There was though only one person that was not affected by the power ring and that would be the perfect candidate to destroy it if it was interested on doing so or he was assigned - by all the rest- to do so. I'm talking about Tom Bombadil that was probably powerful enough to take the ring inside Mordor without that many troubles and destroy it without hesitation.


----------



## Ron Simpson (Jul 18, 2018)

Gilgaearel: I agree with you that Tom Bombadil was the only individual in the entire narrative that demonstrated zero vulnerability to the Ring's seduction - but of course he didn’t march with the host and was not present in the battle. I am sure he would have been perfectly disinterested in any participation. But, you know what - this gives me an idea for a new discussion topic….


----------



## Squint-eyed Southerner (Jul 18, 2018)

The "real" answer is of course "yes, it was inevitable"; otherwise, Sauron would have been destroyed, the result being that we would have no LOTR. In other words, it is a piece of design by the author. But this, I hasten to admit, is an unsatisfactory answer, in the context of the legendarium.

In that context, "within the story", I see no reason not to take Elrond at his word: he and Cirdan knew the Ring must be destroyed. The Silmarillion says:

_As soon as Sauron set the One Ring upon his finger they were aware of him; and they knew him, and perceived that he would be master of them, and of all that they wrought. Then in anger and fear they took off their rings._

Since that event, they had had thousands of years to ponder the nature of the Ring. I can't believe they had never, in all that time, considered what must be done with it, should Sauron be defeated, or whether they had the strength of will to cast it in the Fire. I must conclude that they did.

I'm going to don my Wet Blanket a bit here, and say that, although these are interesting questions to discuss, and bear thinking about, really, from the standpoint of story, they are pretty much by the way. Perhaps it might be helpful to discuss them in terms of genre.

Viewed generically, Isildur's story is obviously a tragedy, and in tragedy, the hero is isolated from his society, just as in comedy, he is incorporated into it. This usually comes about through a fall, normally (though not always) set off by some action on his part, which transgresses upon natural law, what the Greeks called _dike.
_
The transgressesing action is due to the hero's _hamartia_, which, I was taught in high school, always means "tragic flaw". Again, things are not so cut and dried, as Aristotle speaks of "some kind of hamartia" implying there are various kinds, but in Isildur's case, I think it can be found.

"This I will have as weregild for my father, and my brother" he says.
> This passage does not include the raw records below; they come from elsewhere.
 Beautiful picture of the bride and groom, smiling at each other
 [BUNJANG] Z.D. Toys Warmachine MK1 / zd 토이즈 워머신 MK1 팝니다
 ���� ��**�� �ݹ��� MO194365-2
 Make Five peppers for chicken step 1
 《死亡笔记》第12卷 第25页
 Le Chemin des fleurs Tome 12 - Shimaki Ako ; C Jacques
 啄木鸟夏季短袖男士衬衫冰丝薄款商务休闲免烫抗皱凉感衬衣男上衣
Tolkien the philologist was very careful in his use of words, and it's important to bear this in mind, when discussing his work. Let's look at that sentence.
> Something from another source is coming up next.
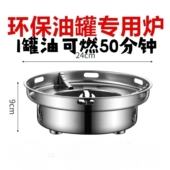环保油小火锅炉不锈钢防风炉植物油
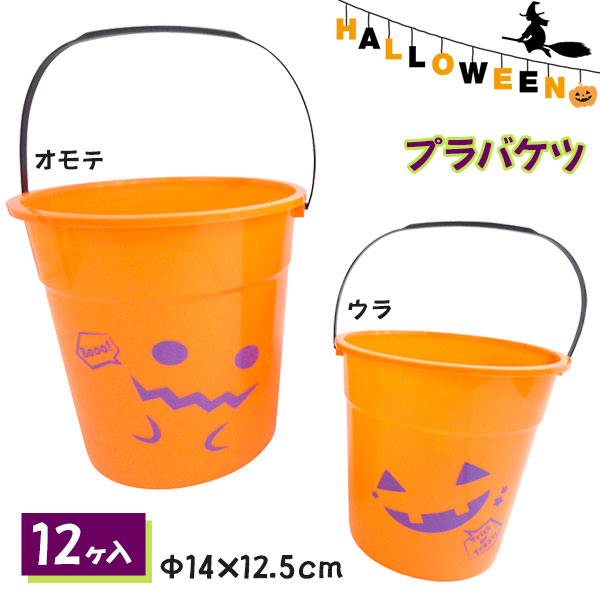 ハロウィンプラバケツ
First, _weregild, _an archaic Old English word, meaning "man-payment". It comes from old Germanic law, in which precise prices were set out for everything, including human beings. Stealing or destroying another's property, be it sword, cow, or slave, required weregild to be paid, the amount depending on the value of the lost item. The killing of one's father would demand a high payment; all the more when the father was the King! That would certainly require the giving up of the culprit's greatest, let us call it his his most "precious" possession.

And here, we come up against the concept of natural law. The Germanic law was instituted as an alternative to the old method of righting wrongs: blood revenge, which often turned into blood feud. It held long enough, in the Northern world, to seem "natural", and in story terms, Isildur certainly considers it a matter of course, the customary way of "righting the balance".

But there is a difference: though both may be called "natural", one has its basis in the concept of Nature as an order; the other in nature as a fallen world. The Elves are aware that the Ring lies far outside the world of legal niceties among mortals. To ignore this is an act of hubris, and Isildur reveals this flaw in the rest of his words, as given more fully in the Silmarillion:

_'This I will have as weregild for my father's death, and my brother's. Was it not I that dealt the Enemy his death-blow?'
_
Which leads to the second point to consider: "This I will _have"_. I believe Tolkien is being deliberate in his choice of words here. I argued above the idea that the danger of the Ring lies in possession, not in mere proximity, or even contact. Otherwise, how are we to explain Gandalf's handling of it, or the members of the Fellowship (Boromir excepted), who are in close association with it for months, without being "infected"? It is clearly not something like a black hole, sucking in all who get near it; it needs, like so many cursed artifacts of myth and folktale, _acceptance, possessiveness,_ the laying of claim to it, as Boromir does on Amon Hen: "It might have been mine. It should be mine. Give it to me!".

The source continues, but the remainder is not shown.